Dragons are in vogue these days, or at least, post-Fourth Wing; I'm starting to see them more and more often, which could just be because of the algorithms involved.
Dragon Den is How to Train Your Dragon meets Fast and Furious, although sometimes I wonder if How To Train Your Dragon is just thrown into these things to help trick the algorithm into marketing the book for you. What it does have in common with HTTYD is that the characters are young, learning about dragons, and the main character is a dumb dude, trying to make his dad proud, and in love with a high-achieving woman.
But that last similarity might also be the book's downfall.
Fourth Wing worked because it was told from a female POV. The book itself wasn't well written; it was a fast read that you had to avoid reading too closely (the same way one watches a trashy TV show), and it had good smut told from the female POV. Regarding writing quality, Dragon Den may be in the same place, but by making the main character a dude who tells the smut from his perspective, you make it weird for female readers who are, let's face it, the primary audience for this book. You really have to force yourself to read the first few chapters; as a NetGalley reviewer, I might do that, but most people will give it up. He's also such a dumb dude. So dumb.
That being said, the plot itself is interesting, especially how it progresses at the end. There are plot holes, like how the adults are that dumb and how quickly the dude gets his dragon, but I'm willing to overlook that, given that this does seem to be the author's first book.
Blurb:
A fast-paced, action-packed romantic urban fantasy inspired by The Fast and the Furious, perfect for adult fans of How to Train Your Dragon.

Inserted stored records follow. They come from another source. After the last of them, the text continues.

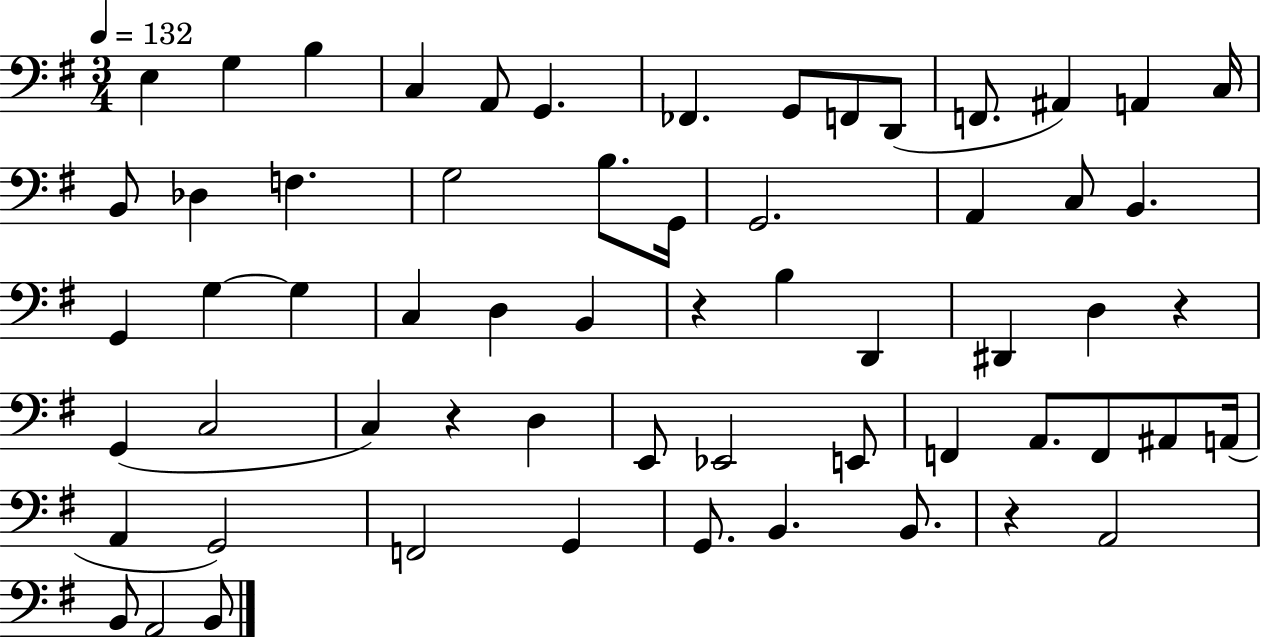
X:1
T:Untitled
M:3/4
L:1/4
K:G
E, G, B, C, A,,/2 G,, _F,, G,,/2 F,,/2 D,,/2 F,,/2 ^A,, A,, C,/4 B,,/2 _D, F, G,2 B,/2 G,,/4 G,,2 A,, C,/2 B,, G,, G, G, C, D, B,, z B, D,, ^D,, D, z G,, C,2 C, z D, E,,/2 _E,,2 E,,/2 F,, A,,/2 F,,/2 ^A,,/2 A,,/4 A,, G,,2 F,,2 G,, G,,/2 B,, B,,/2 z A,,2 B,,/2 A,,2 B,,/2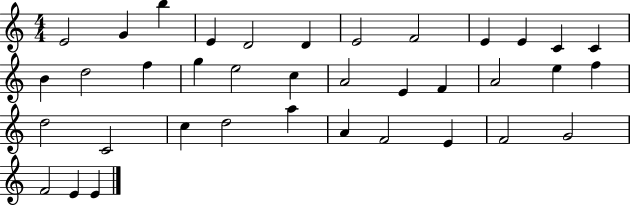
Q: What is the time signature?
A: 4/4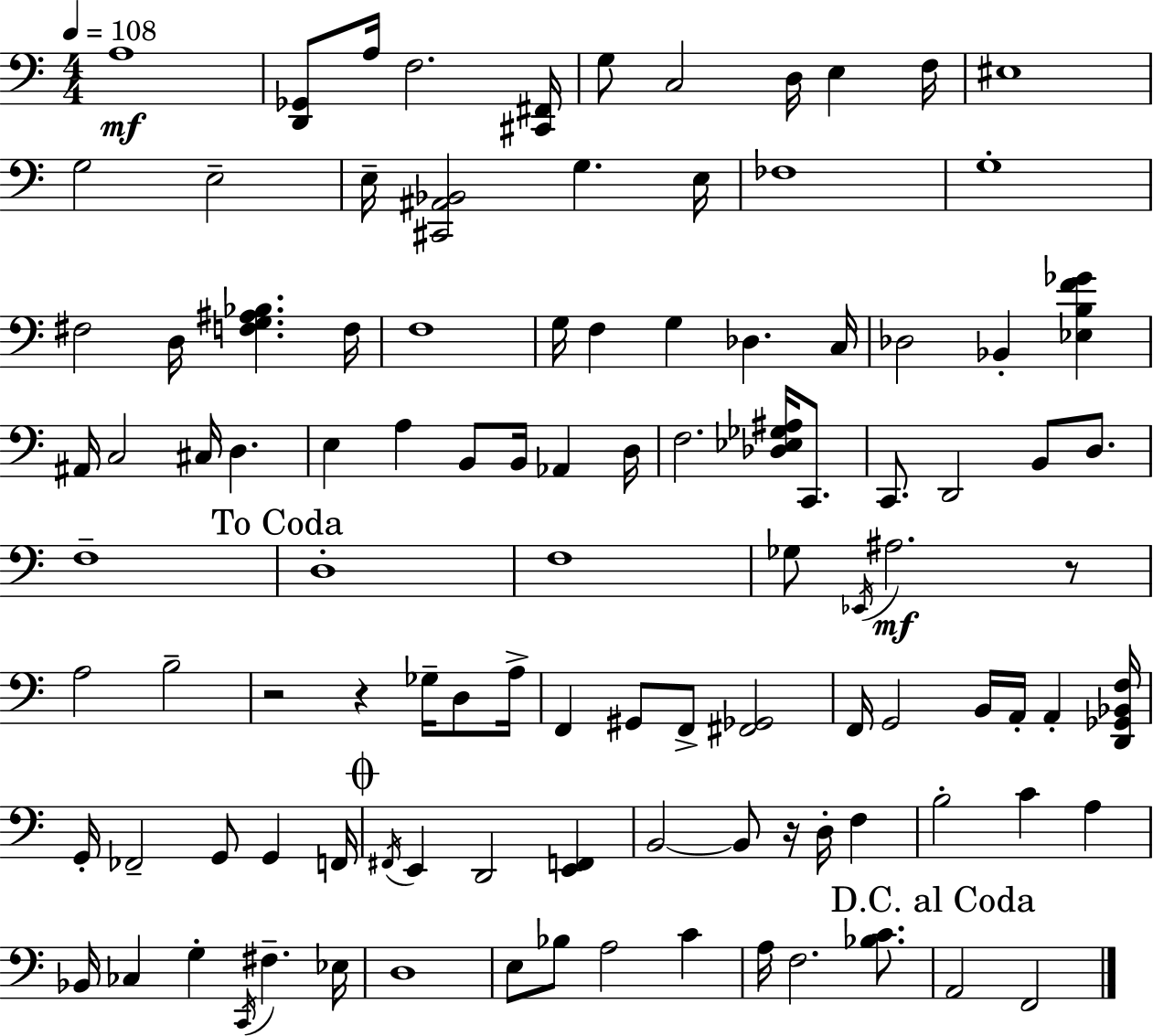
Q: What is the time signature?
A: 4/4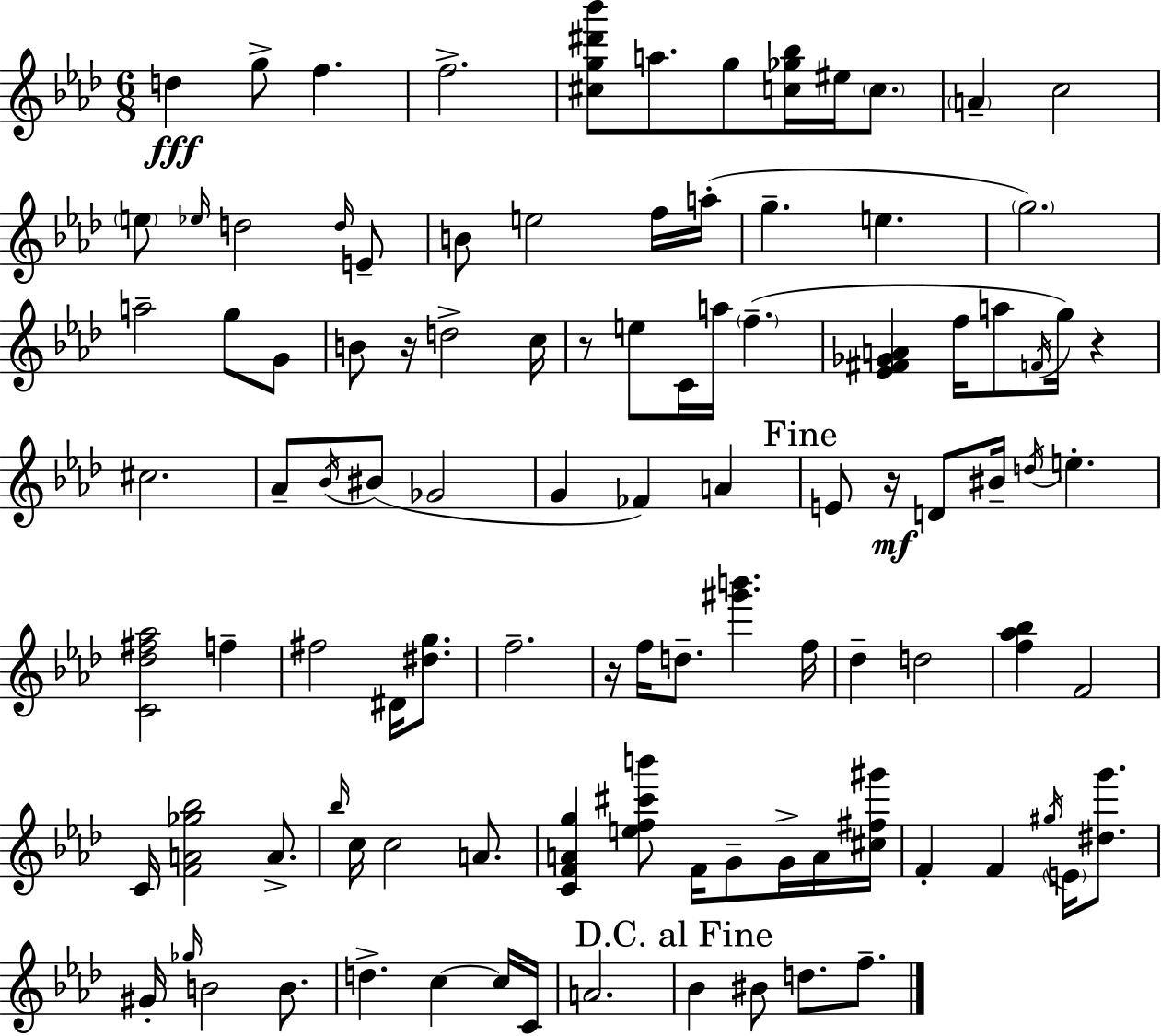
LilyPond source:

Markus Fredriksen, the First of His Name, more titles to come, always dreamed of breaking a Black Clubtail and becoming a dragon rider. He fails to break any dragon at all, marking the end of his tenure at Dragild Military Academy.
The commandant unexpectedly offers him a broken dragon, but with a caveat: Markus must infiltrate the clan running the Dragon Den, suspected of hijacking semi-trucks carrying precious obsidian.
He jumps at the opportunity to salvage his dreams. He has no idea what he’s in for, but the clan leader’s daughter is about to become his biggest distraction.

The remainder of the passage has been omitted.